Option 1 — Disable the world model (recommended)
Set enable_world_model=False. Only the Qwen backbone and action head are loaded and trained. This matches the original SimplerEnv fine-tuning strategy and is sufficient for good action performance.
lerobot-train \
policy.path=lerobot/VLA-JEPA-Pretrain \
policy.enable_world_model=false \
dataset.repo_id=your_org/single_camera_dataset
Option 2 — Reinitialize the predictor input projection
If you want the JEPA self-supervised signal during fine-tuning, load the checkpoint with strict=False and reinitialize model.video_predictor.predictor_embed for the new embed_dim.
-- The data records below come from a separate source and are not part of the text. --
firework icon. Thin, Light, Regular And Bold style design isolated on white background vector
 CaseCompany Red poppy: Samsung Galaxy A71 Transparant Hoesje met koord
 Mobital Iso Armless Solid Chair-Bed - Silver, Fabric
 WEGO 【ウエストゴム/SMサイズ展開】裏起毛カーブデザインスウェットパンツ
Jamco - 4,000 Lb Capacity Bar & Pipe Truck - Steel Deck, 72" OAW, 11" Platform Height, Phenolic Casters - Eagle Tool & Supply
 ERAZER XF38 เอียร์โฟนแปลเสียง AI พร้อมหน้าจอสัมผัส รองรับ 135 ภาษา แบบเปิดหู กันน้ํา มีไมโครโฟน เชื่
All other predictor block weights (attention, MLP, norm, output projection) are camera-count-agnostic and can be reused from the pretrained checkpoint.
Citation
@misc{vla_jepa_2025,
title = {VLA-JEPA: Vision-Language-Action Model with Joint-Embedding Predictive Architecture},
author = {Gin, Wind and others},
year = {2025},
url = {https://huggingface.co/ginwind/VLA-JEPA},
}
License
Weights are distributed under the license terms of the original ginwind/VLA-JEPA repository. The LeRobot integration code follows the Apache 2.0 License.